Sein Mund war trocken, sein Herz hämmerte vor Aufregung, aber er wußte,
daß er seinen Job los war, wenn er die Sache nicht überprüfte.
    Roxanne schaltete den Projektor aus, und
das Hologramm von Alice verschwand. Nachdem sie ihre Ausrüstung wieder
verstaut hatte, hastete sie zum Überwachungsraum. Jetzt zählte jede
Sekunde.
    Trotzdem machte sie sich ganz ruhig an die Arbeit. Sie nahm
das Band aus Kamera vier und vertauschte es mit ihrer eigenen Kassette.
Dann programmierte sie den Computer neu, wie Jake es ihr erklärt hatte.

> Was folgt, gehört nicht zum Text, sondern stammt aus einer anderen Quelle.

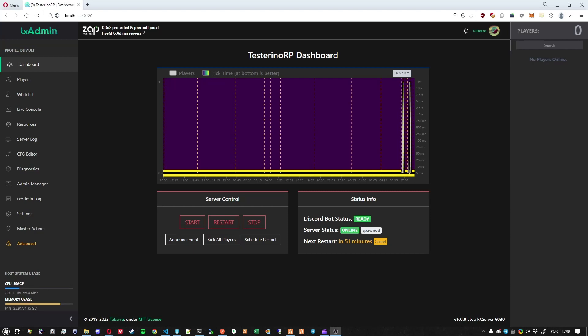Hello everyone! TextAdmin v5 just dropped, so I'm going to make this quick video just to show you what changed and what to expect from this update.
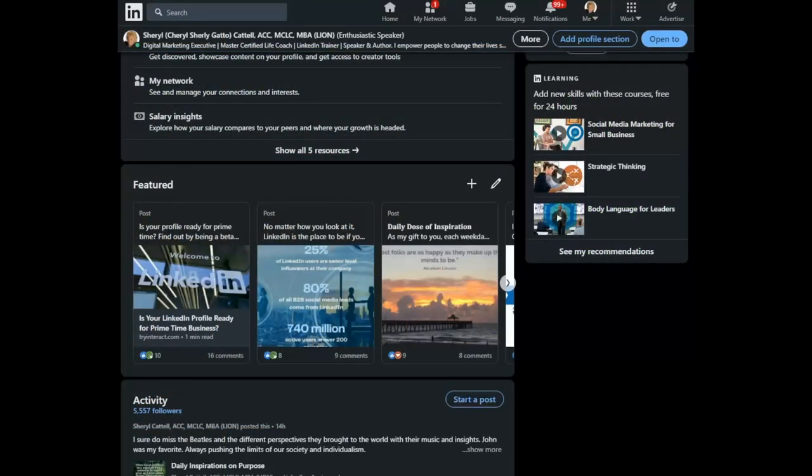Hello, my name is Cheryl Cattell and welcome to today's LinkedIn Minute. I'm so glad you joined. Today we're going to look at the use of infographics as a post.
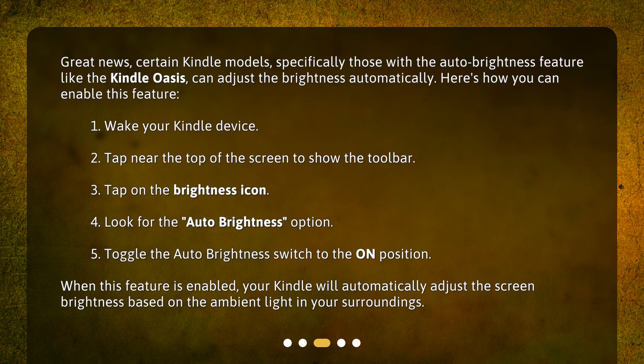Here's how you can enable this feature. 1. Wake your Kindle device. 2. Tap near the top of the screen to show the toolbar. 3. Tap on the brightness icon. 4. Look for the auto brightness option. 5. Toggle the auto brightness switch to the on position. When this feature is enabled, your Kindle will automatically adjust the screen brightness based on the ambient light in your surroundings.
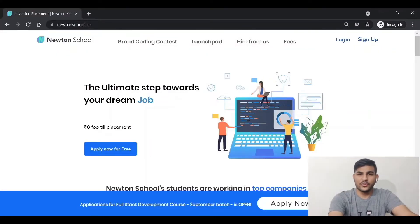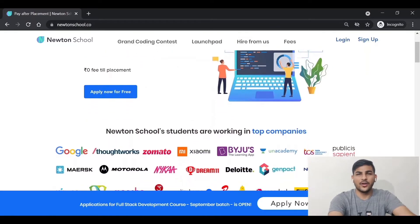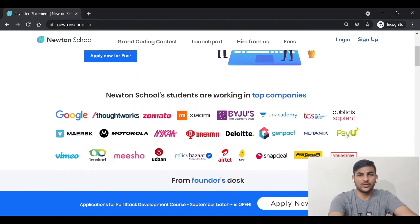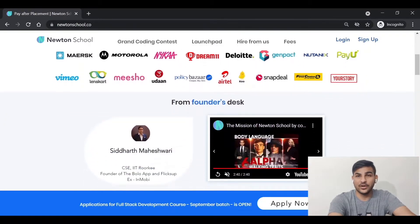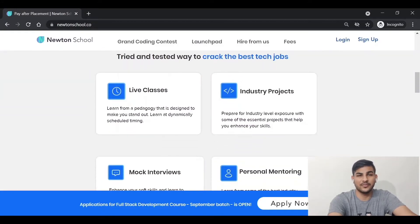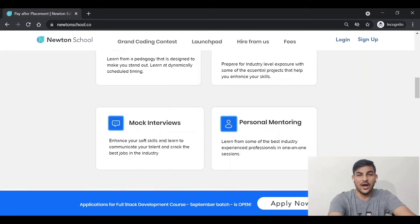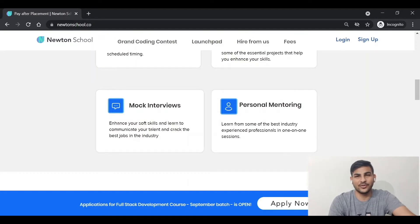What is Newton School? Newton School is an edtech startup where you can learn more about different technologies out there. They will help you get job offers from top tech companies. They have a program where you don't pay anything until you get a job. Their offerings include live classes, industrial projects, mock interviews, and personal mentoring. I will put the link in the description — check it out and explore their courses.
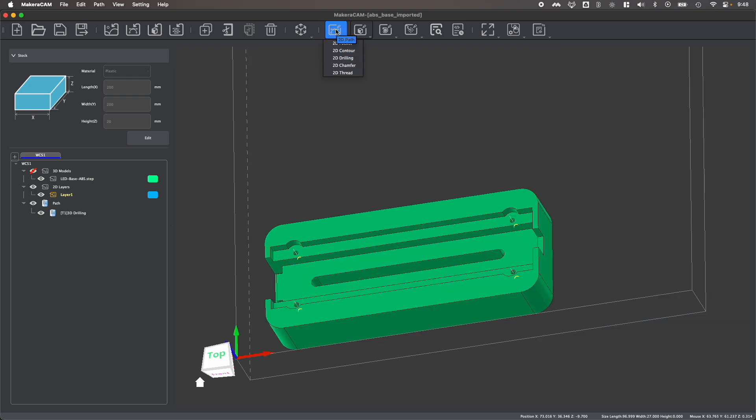This is very similar to how you create a 2D drilling operation using a 2D design file, which we look at in our other tutorials and guides. And this is also the first step for creating thread milling operations, which we also look at in another tutorial and guide.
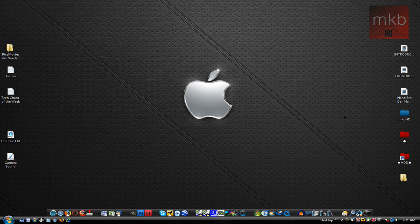Yo, what's up guys? It's Marcus Brownlee here from MKBHD. I got another HD tutorial for you guys.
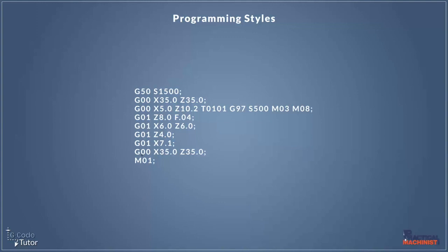So our first program looks like this. Now all these programs are taken from a section of code from a CNC lathe. We can tell that because we're using a speed clamp here with the G50. This is a section of a lathe program. What we're going to look at is the different ways we can write this, but it's all the same thing really.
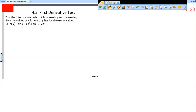This is the video for section 4.3 notes, slides 17 through 19. We need to find the intervals over which f is increasing and decreasing, and give values of x for which f has local extreme values. So f of x equals sine x minus sine squared x on the interval 0 to 2 pi.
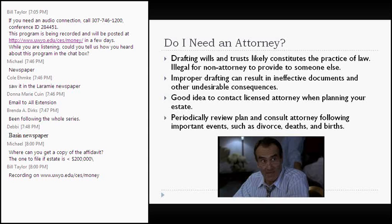Where is the probate court? The district court in every county sits as a probate court. So the district court in Laramie County serves as the probate court for Laramie County. Some states have their own special designated probate courts, but here it's just our general courts — the district courts.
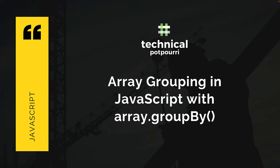Hello everyone, this is Sudipta from Technical Potpourri. Today I'll be talking about two new methods for array grouping in JavaScript. They are called ArrayGroupBy and ArrayGroupByToMap. So without any further delay, let's jump in.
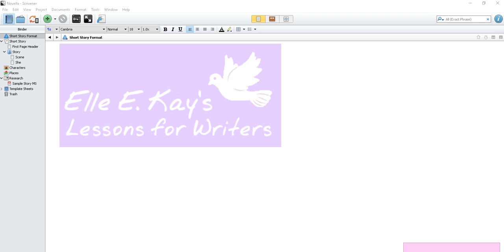Welcome to L.E.K.'s Lessons for Writers, a simple Scrivener tutorial. This lesson will show you how to use Scrivener for Windows.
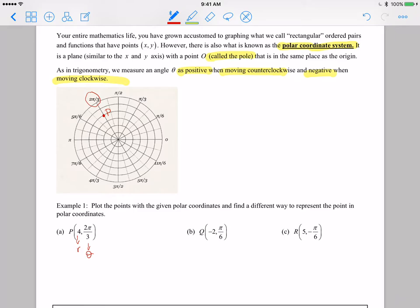Point Q is negative 2 and pi over 6. So we go to pi over 6, which is right here, and then the radius is negative. So instead of going towards pi over 6 we're going to go away from pi over 6 two circles, which is really going to put me at 7pi over 6 — and that's going to be point Q. Hopefully that makes sense how to deal with a negative radius: you go to the angle, then go away from it instead of toward it.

Die Kamera war nun außer Betrieb, aber der Monitor würde weiterhin die
gewohnten Bilder zeigen. Der einzige Unterschied war, daß die Wächter
in Wirklichkeit ein präpariertes Band betrachteten. Es dauerte einige
kostbare Momente, um Kamera sechs zurückzuspulen und das aufgezeichnete
Hologramm zu löschen. Selbst Jake hatte keine narrensichere Lösung
dafür gewußt, daß diese verfluchten dreißig Sekunden, in denen Alices
Bild erschienen war, auf den Aufzeichnungen fehlten. Spätestens wenn
der Einbruch entdeckt worden war und man die Bänder sorgfältig
untersuchte, würde die fehlende Zeitspanne auffallen.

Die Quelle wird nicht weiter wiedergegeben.